I dragged myself like a guilty criminal to the gynecologist the othe week. I had delayed it for more time than I actually thought - seems that I skipped a year and a half and the ladies of the office were tsk-tsk'ing me about it. I'd been away so long, I didn't even realize that her office had been relocated to another part of the house the doctor uses for an office. Nice, I had to do the walk of shame down some flagstone path past a guy smoking a cigarette in the yard. No eye contact, please. I wonder that he or anyone thinks that all the women going to see this kind of doctor is going to soon be examined in their privates. Hmm, kind of thinking of people as naked under their clothes. Hah!

I seem to always be crying in doctor's offices. I needed tests done to see what's what, and having to ask for them triggered the tears. She was a bit startled, but professional composure kept her distant. Hate to think how they label me in that office, I should just get a bulk supply of prescriptions for Christ's sake!

Sigh. Feeling a little more upbeat. going to this doctor is a small milestone. I've gone through all the other tests for whatever could possibly ail me, and this one getting checked off would potentially clear me to go out again. I don't know, I don't feel the past sense of thrill about it, but the hormones have other ideas. I miss very specific things and the thought of getting bad action makes me cringe. I can't stand the fear of going through and failing some more ... actually the very real likelihood of disappointment.

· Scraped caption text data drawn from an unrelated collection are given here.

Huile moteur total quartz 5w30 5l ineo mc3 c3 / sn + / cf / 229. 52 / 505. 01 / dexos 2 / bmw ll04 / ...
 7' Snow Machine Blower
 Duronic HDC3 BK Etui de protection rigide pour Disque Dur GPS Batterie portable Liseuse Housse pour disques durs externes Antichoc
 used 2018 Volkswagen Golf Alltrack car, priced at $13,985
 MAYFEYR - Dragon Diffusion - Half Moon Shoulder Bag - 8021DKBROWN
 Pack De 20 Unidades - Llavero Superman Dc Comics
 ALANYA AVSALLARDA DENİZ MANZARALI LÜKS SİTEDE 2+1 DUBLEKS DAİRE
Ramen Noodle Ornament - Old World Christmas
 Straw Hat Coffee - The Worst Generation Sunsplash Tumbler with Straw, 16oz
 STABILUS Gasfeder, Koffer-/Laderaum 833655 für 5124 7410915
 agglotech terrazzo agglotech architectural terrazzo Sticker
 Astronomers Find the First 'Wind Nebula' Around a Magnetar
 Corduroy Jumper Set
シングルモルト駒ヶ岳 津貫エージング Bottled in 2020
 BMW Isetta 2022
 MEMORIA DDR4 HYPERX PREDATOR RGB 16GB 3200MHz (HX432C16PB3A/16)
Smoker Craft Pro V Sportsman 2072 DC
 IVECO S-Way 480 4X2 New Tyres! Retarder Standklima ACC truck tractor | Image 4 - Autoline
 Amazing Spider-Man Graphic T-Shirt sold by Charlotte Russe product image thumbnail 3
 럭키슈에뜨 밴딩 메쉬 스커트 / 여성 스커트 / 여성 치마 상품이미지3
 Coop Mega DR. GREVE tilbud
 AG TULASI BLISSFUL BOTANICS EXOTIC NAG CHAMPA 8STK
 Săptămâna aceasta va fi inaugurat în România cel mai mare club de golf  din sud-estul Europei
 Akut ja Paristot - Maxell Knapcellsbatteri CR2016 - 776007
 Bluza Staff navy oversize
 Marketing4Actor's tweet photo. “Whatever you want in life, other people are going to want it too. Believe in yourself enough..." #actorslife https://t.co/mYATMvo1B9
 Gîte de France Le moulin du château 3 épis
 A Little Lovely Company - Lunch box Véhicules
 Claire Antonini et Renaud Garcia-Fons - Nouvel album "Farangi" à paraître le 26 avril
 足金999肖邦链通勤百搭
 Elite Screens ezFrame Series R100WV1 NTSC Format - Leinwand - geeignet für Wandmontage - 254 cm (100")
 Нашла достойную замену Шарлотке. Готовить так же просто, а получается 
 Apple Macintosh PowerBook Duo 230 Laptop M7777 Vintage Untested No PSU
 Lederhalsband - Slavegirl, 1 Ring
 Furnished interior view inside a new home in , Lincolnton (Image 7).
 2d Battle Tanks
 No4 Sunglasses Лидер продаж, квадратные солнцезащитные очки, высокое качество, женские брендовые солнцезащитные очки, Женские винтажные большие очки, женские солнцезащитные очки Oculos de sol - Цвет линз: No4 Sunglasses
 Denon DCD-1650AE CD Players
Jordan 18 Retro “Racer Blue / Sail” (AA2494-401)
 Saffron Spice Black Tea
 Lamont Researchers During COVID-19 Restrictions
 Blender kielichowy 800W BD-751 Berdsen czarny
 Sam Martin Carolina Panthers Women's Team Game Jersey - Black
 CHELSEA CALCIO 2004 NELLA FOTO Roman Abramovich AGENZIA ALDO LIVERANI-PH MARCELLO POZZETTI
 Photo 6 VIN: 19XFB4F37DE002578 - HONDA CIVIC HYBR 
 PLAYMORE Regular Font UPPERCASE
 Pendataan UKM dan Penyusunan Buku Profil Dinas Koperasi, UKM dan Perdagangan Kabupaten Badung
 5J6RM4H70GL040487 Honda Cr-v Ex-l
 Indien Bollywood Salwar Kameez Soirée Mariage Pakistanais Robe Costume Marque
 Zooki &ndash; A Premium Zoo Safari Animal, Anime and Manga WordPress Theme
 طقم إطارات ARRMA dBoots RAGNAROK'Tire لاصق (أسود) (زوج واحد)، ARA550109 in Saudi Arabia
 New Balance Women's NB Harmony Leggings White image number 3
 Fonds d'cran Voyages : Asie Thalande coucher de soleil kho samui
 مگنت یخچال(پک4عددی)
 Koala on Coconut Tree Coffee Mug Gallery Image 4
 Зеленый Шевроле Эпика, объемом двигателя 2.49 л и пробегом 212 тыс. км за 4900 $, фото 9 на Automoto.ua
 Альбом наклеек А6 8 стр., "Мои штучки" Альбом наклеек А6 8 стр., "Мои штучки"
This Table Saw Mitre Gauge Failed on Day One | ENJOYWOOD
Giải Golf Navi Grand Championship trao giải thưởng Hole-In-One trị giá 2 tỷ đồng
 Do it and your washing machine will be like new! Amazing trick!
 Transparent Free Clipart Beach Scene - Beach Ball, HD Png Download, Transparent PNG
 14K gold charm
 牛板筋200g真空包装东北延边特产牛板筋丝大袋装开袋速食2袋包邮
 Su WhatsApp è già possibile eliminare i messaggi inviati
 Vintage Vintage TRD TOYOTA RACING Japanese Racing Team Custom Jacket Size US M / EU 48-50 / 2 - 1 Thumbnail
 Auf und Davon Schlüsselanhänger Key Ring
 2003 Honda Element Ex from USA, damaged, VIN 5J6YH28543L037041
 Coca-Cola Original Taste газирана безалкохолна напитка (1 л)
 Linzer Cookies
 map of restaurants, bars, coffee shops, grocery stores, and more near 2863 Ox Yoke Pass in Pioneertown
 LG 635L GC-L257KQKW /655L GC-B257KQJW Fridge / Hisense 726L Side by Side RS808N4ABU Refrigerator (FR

I've been watching cooking demos online. One guy is fun to watch: "FoodWishes.com". Chef John shows receipe techniques and he's more entertaining in these quick clips than some of the major cooking shows.

Today, I happened to stop on someone else's blog about his life in Japan, food related as well. Eating Japanese foods, adapted McDonald's sandwiches ("Shrimpburger"), adapted Domino's pizza ("simple meat topping", which btw happens to also includes corn?! Livestock and the feed.). As I watched his videos I note that he's got great features: nice eyes, a very deep voice...makes me think of some science report research that shows guys with deep voices father more kids or something like that. He's a big, tall, bald guy (shaved head) but I look at him and he's reasonably amusing to listen to. I don't care much if people are one way or another: you like who you like. Anything that's on the good side of attractive is just gravy. So..I'm watching his blog entries and as he's in Japan, he's a Japan-o-phile gone native and he eats the food, goes out wherever...Then one segment shows him holding his asian-featured infant child at 1 month...and I just had such a longing pain that a moan came out of me! Sure he's gone Japanese, it's his life, but for me - seeing the big guy holding a half/half baby made me ache for not having the slightest chance of it happening for me.